= EXERCISE DETAILS =
From the line that contains "エコー ECCO Flash T-Strap Sandal （BLACK/BLACK）" to the final line below, both included, print each line exactly and skip the pictures.

= EXTRACTED INFORMATION =
^^^^^^^^^^^^^^^^
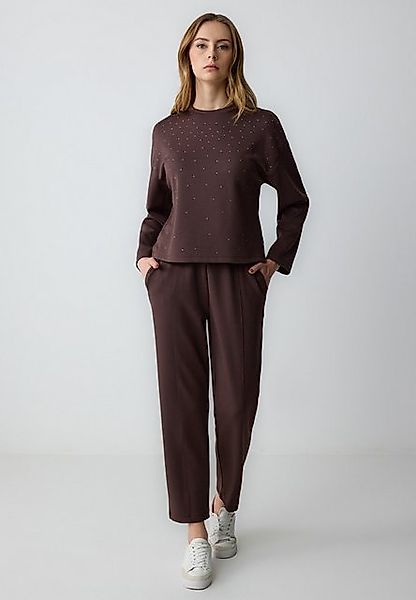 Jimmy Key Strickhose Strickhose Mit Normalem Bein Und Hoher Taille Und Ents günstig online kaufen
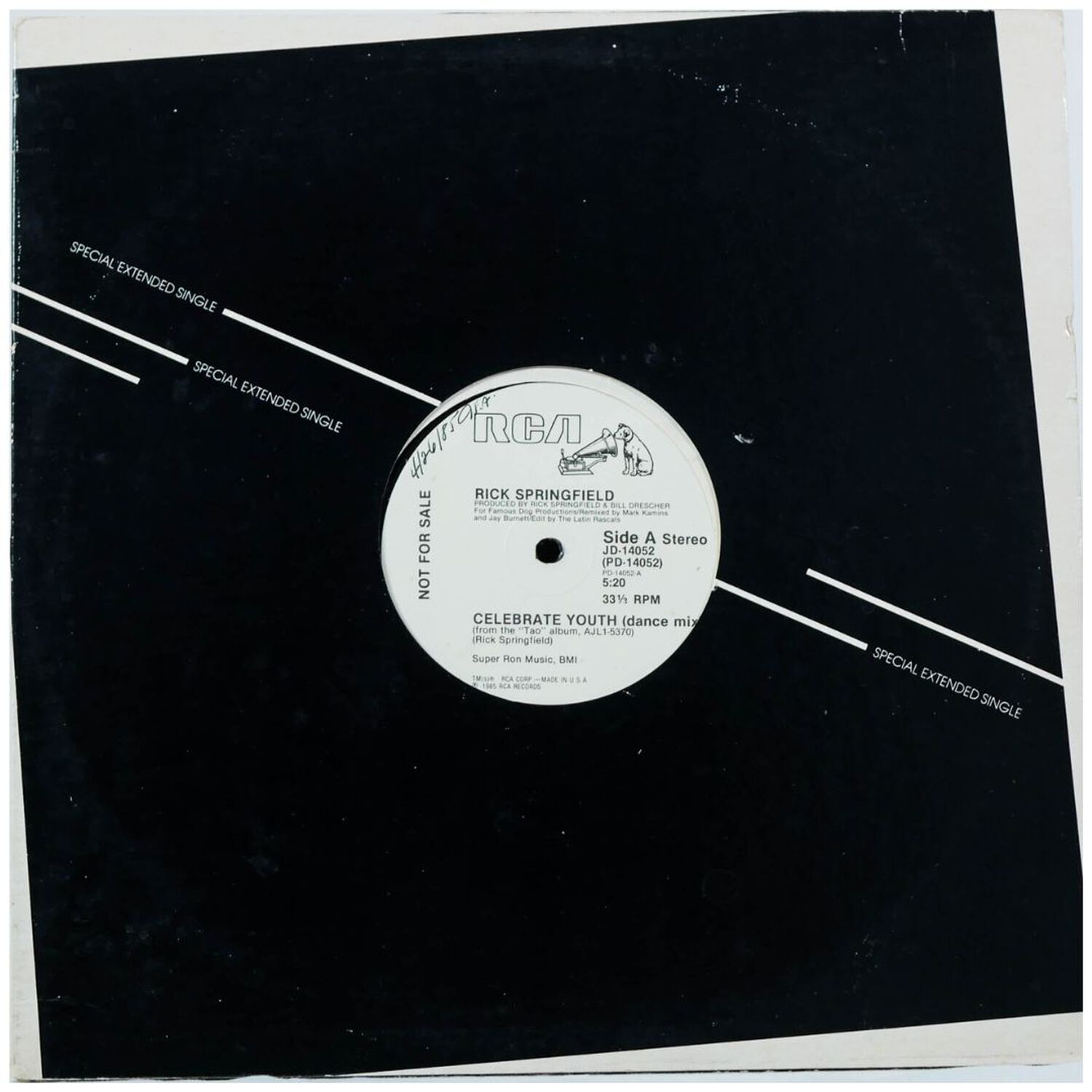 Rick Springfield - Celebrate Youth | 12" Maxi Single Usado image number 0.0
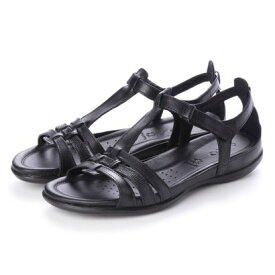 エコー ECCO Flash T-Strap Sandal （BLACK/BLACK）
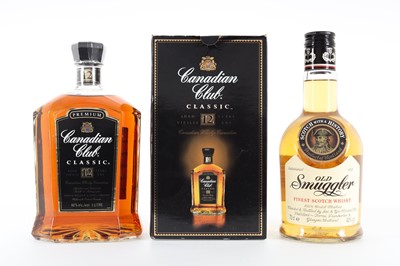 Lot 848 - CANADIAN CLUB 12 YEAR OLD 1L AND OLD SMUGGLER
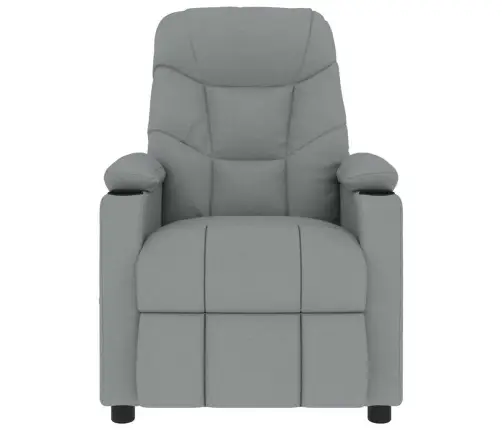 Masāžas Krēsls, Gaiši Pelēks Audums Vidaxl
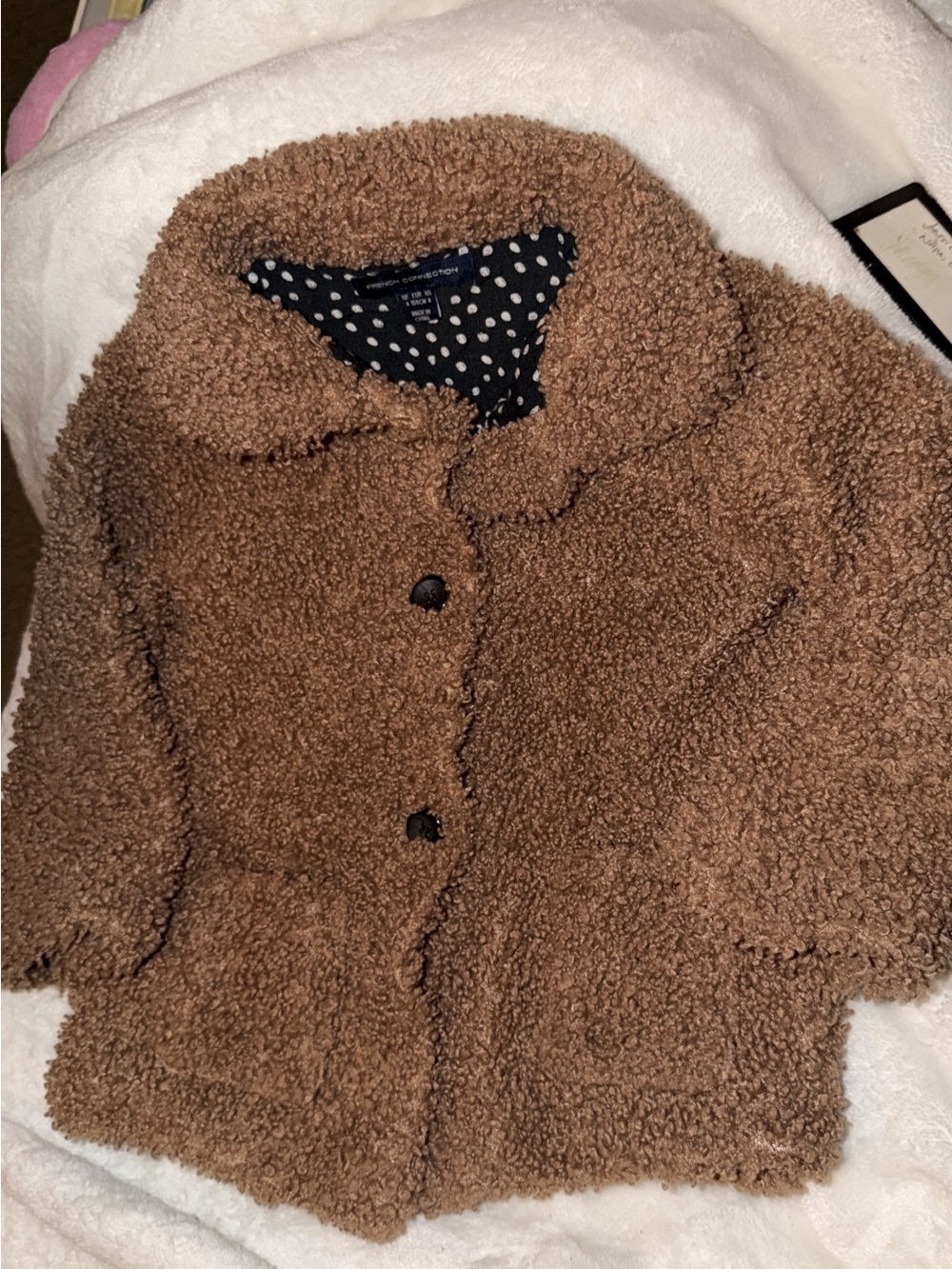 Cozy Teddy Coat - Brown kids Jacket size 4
^^^^^^^^^^^^^^^^
= FINAL ANSWER =
 エコー ECCO Flash T-Strap Sandal （BLACK/BLACK）
 Lot 848 - CANADIAN CLUB 12 YEAR OLD 1L AND OLD SMUGGLER
 Masāžas Krēsls, Gaiši Pelēks Audums Vidaxl
 Cozy Teddy Coat - Brown kids Jacket size 4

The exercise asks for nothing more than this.